Recently, several researchers have studied feature selection and

clustering together with a single or unified criterion. For feature selection
in unsupervised learning, learning algorithms are designed to find a
natural grouping of the examples in the feature space. Thus feature
selection in unsupervised learning aims to find a good subset of features
that forms the high quality of clusters for a given number of clusters.

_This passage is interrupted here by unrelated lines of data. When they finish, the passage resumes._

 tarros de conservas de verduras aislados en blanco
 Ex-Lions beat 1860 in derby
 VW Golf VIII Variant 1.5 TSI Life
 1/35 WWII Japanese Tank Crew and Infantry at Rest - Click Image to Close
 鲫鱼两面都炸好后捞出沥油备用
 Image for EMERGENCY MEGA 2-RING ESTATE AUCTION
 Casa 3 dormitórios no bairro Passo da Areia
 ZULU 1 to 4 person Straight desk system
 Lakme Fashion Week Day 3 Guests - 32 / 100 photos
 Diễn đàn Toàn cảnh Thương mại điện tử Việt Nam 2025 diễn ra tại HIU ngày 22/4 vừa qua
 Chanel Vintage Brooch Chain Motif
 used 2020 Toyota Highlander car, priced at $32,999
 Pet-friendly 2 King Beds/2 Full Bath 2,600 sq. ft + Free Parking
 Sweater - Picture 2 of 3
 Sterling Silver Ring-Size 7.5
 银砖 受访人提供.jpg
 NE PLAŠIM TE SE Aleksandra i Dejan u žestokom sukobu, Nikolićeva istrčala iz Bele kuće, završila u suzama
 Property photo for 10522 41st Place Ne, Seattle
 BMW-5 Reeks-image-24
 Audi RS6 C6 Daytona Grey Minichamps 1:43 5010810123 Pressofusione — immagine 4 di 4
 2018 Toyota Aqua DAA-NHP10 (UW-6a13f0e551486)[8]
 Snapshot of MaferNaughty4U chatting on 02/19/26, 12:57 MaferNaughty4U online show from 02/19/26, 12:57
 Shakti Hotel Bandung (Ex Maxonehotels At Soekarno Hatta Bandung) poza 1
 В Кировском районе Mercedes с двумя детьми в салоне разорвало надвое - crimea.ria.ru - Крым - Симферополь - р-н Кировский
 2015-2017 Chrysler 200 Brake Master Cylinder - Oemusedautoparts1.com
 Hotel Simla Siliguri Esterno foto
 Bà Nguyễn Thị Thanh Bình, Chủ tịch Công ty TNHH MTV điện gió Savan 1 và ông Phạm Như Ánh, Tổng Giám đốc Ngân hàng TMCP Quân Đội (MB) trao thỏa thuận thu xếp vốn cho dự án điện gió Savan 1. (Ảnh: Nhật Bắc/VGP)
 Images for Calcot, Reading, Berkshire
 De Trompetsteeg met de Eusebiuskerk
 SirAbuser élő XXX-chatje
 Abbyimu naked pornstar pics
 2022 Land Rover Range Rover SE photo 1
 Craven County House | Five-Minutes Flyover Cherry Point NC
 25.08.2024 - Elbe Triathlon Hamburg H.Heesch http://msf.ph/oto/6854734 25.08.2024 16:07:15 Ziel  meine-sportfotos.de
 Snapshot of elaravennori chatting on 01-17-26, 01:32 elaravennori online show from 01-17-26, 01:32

However, the traditional approaches to feature selection with a single

evaluation criterion have shown limited capability in terms of knowledge
discovery and decision support. This is because decision-makers should
take into account multiple, conflicting objectives simultaneously. In
particular, no single criterion for unsupervised feature selection is best for
every application, and only the decision-maker can determine the relative
weights of criteria for her application.

Principal Component Analysis

Principal Component Analysis is an unsupervised learning algorithm that is
used for the dimensionality reduction in machine learning. It is a statistical
process that converts the observations of correlated features into a set of
linearly uncorrelated features with the help of orthogonal transformation.
These new transformed features are called the Principal Components. It
is one of the popular tools that is used for exploratory data analysis and
predictive modeling. It is a technique to draw strong patterns from the
given dataset by reducing the variances.

PCA generally tries to find the lower-dimensional surface to project the

high-dimensional data.
PCA works by considering the variance of each attribute because the high
attribute shows the good split between the classes, and hence it reduces
the dimensionality. Some real-world applications of PCA are image
processing, movie recommendation system, optimizing the power
allocation in various communication channels. It is a feature
extraction technique, so it contains the important variables and drops the
least important variable.

The PCA algorithm is based on some mathematical concepts such as:

o Variance and Covariance

o Eigenvalues and Eigen factors

Some common terms used in PCA algorithm:

o Dimensionality: It is the number of features or variables present in the

given dataset. More easily, it is the number of columns present in the
dataset.
o Correlation: It signifies that how strongly two variables are related to
each other. Such as if one changes, the other variable also gets changed.
The correlation value ranges from -1 to +1. Here, -1 occurs if variables are
inversely proportional to each other, and +1 indicates that variables are
directly proportional to each other.
o Orthogonal: It defines that variables are not correlated to each other,
and hence the correlation between the pair of variables is zero.
o Eigenvectors: If there is a square matrix M, and a non-zero vector v is
given. Then v will be eigenvector if Av is the scalar multiple of v.
o Covariance Matrix: A matrix containing the covariance between the pair
of variables is called the Covariance Matrix.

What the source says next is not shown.